## [ASSIGNED TASK]
Begin your copy at the line with "(5-methylpyrazin-2-yl)methanamine dihydrochloride" in the records below and end it at the line with "Corgi CC03803 James", restating each line word for word; omit the pictures.

## [DATA IN THIS EXERCISE]
┌──
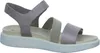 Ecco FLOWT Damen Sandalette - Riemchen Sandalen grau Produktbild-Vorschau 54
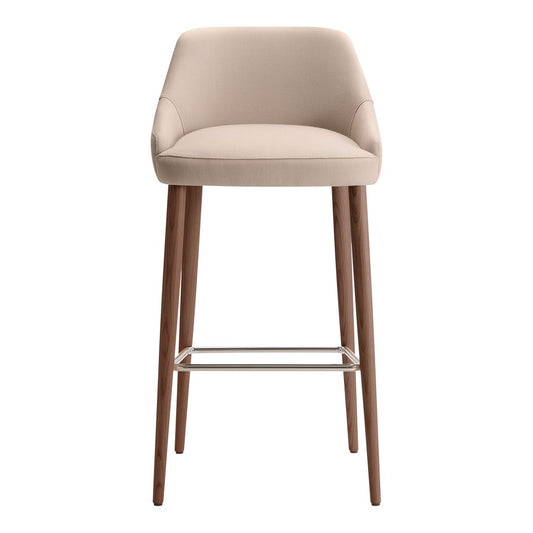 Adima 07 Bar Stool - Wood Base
└──
┌──
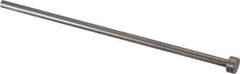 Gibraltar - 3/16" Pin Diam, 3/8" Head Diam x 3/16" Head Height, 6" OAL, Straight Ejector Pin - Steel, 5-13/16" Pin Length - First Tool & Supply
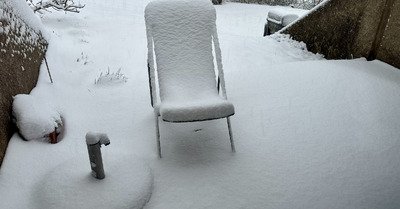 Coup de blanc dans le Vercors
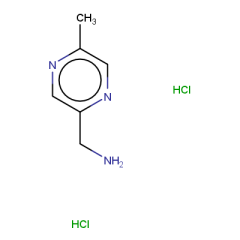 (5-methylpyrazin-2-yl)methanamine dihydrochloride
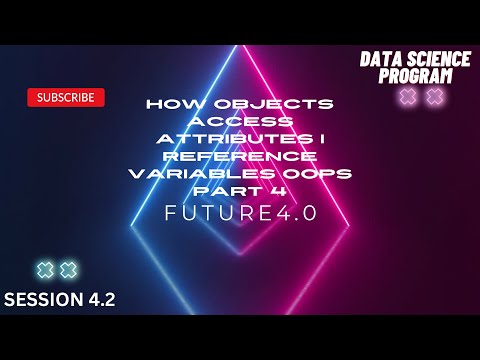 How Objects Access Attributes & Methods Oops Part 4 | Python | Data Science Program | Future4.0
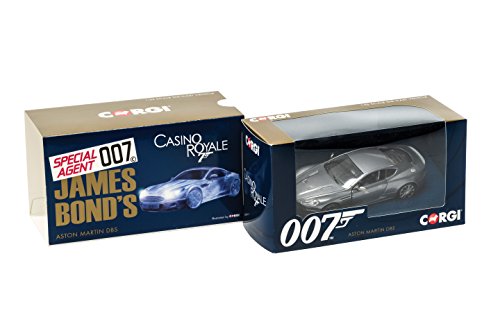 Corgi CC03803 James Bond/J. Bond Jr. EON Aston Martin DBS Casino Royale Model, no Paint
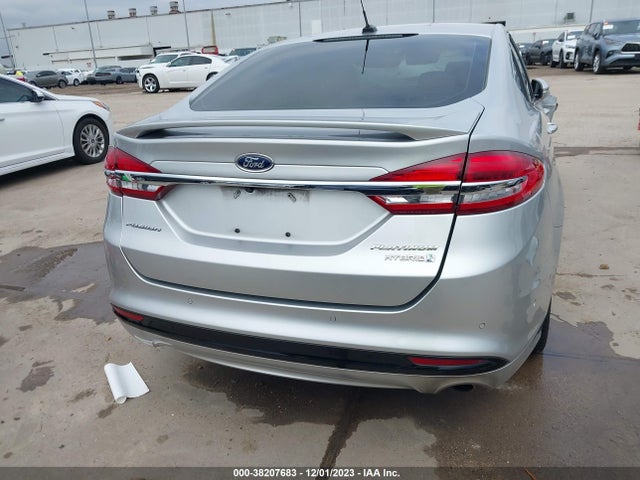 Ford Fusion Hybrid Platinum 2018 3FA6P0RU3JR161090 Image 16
└──
## [FINISHED TASK]
 (5-methylpyrazin-2-yl)methanamine dihydrochloride
 How Objects Access Attributes & Methods Oops Part 4 | Python | Data Science Program | Future4.0
 Corgi CC03803 James Bond/J. Bond Jr. EON Aston Martin DBS Casino Royale Model, no Paint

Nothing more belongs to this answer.